Le ton employé par le représentant russe après un dîner dimanche soir entre les deux négociateurs laisse présager d'âpres échanges, aucun côté ne donnant de signe de compromis.
(Re)lire : Sécurité européenne : l'OTAN toujours vivante, toujours clivante
Pour Moscou, la revendication clé est l'obtention de garanties de sécurité, via des traités, impliquant l'interdiction de tout élargissement futur de l'Otan, en particulier à l'Ukraine.
"Je suis plutôt pessimiste en ce qui concerne les pronostics sur cette question, mais nous allons expliquer avec insistance que sans règlement de cette question clé il ne peut y avoir de dialogue constructif", a dit M. Riabkov à l'agence Ria Novosti.
Ukraine : le sommet à Genève arrêtera-t-il l'escalade ?
A l'inverse, durant leur dîner de travail, Wendy Sherman a souligné que les Etats-Unis restaient fidèles "aux principes internationaux de souveraineté, d'intégrité territoriale, et à la liberté des pays souverains de choisir leurs propres alliances", selon le département d'Etat.
« Nous n’accepterons aucune concession, cela est complètement exclu », avait déclaré plus tôt le vice-ministre russe, Sergueï Riabkov. Dimanche 9 janvier, la Russie a donc exclu de faire des concessions lors des pourparlers avec les États-Unis, prévus dès ce 9 janvier à Genève sur la question de l’Ukraine et de la sécurité en Europe.
Ukraine : des négociations russo-américaines tendues
« Nous sommes déçus des signaux venant ces derniers jours de Washington, mais aussi de Bruxelles », a ajouté le vice-ministre russe. En guise de réponse, le secrétaire d'État américain Antony Blinken a averti la Russie d'un risque de « confrontation » avant le début de pourparlers sous haute tension à Genève sur la situation en Ukraine. « Il y a une voie de dialogue et de diplomatie pour essayer de résoudre certains de ces différends et éviter la confrontation », a déclaré Antony Blinken sur CNN.
« L'autre voie est celle de la confrontation et de conséquences massives pour la Russie si elle renouvelle son agression de l'Ukraine. Nous sommes sur le point de voir quelle voie le président Poutine est prêt à emprunter », a jugé le secrétaire d'État. Quelques heures plus tôt, un haut responsable des États-Unis a déclaré qu’ils étaient prêts à discuter de la possibilité de restreindre les activités militaires dans la région.
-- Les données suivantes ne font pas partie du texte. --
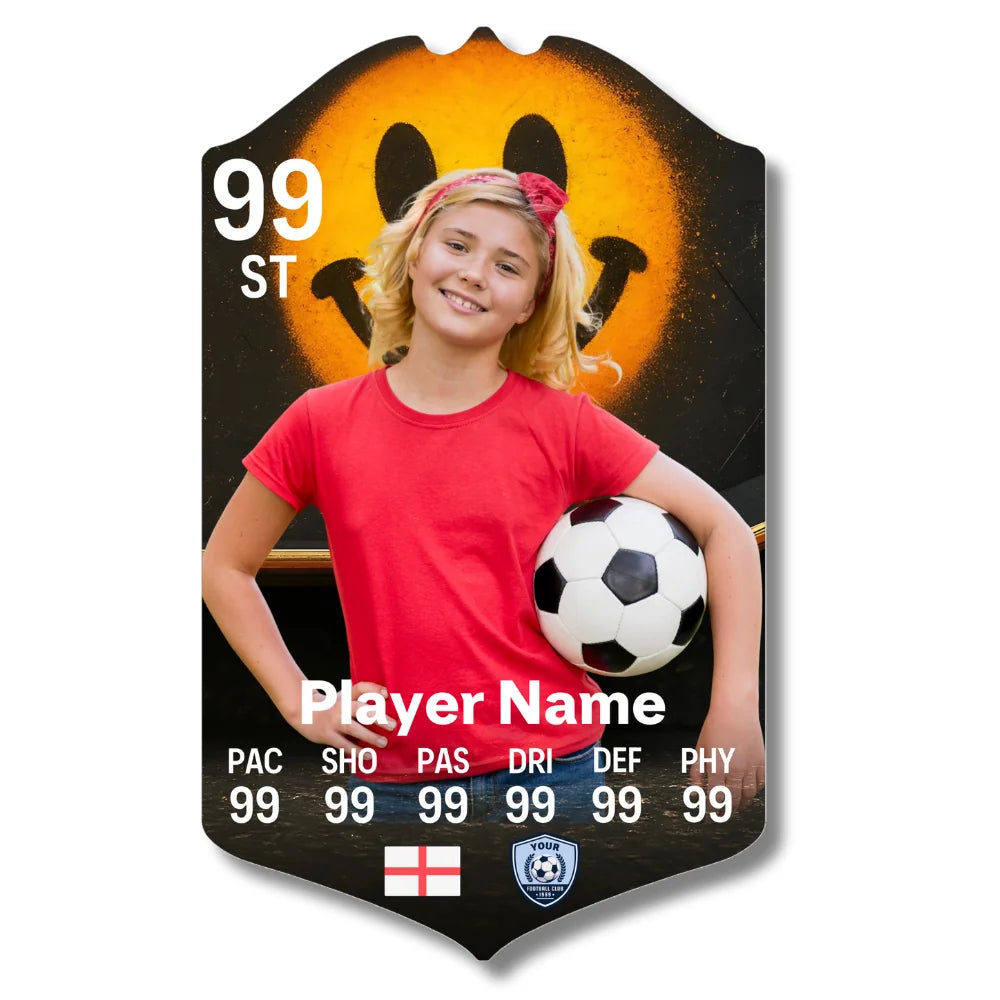 Personalised football card with skater emoji design printed on glossy aluminium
Il a toutefois précisé qu’ils ne sont pas prêts à discuter des limites du déploiement des troupes américaines dans la région.
Toutefois, les Américains ont déjà envisagé plusieurs sanctions si les Russes venaient à envahir l'Ukraine. Détaillées dans le New York Times, elles prévoient une série de mesure pour affaiblir l'économie russe. Parmi elles, une isolation des grandes insitutions financières ou l'empêchement d'une entrée en fonction du gazoduc Nord-Stream 2. Est aussi envisagé le gel des exportations de produits américains très utilisés dans les industries russes. Par ailleurs, si la Russie venait à envahir l'Ukraine, les Américains pourraient fournir des armes à l'Ukraine.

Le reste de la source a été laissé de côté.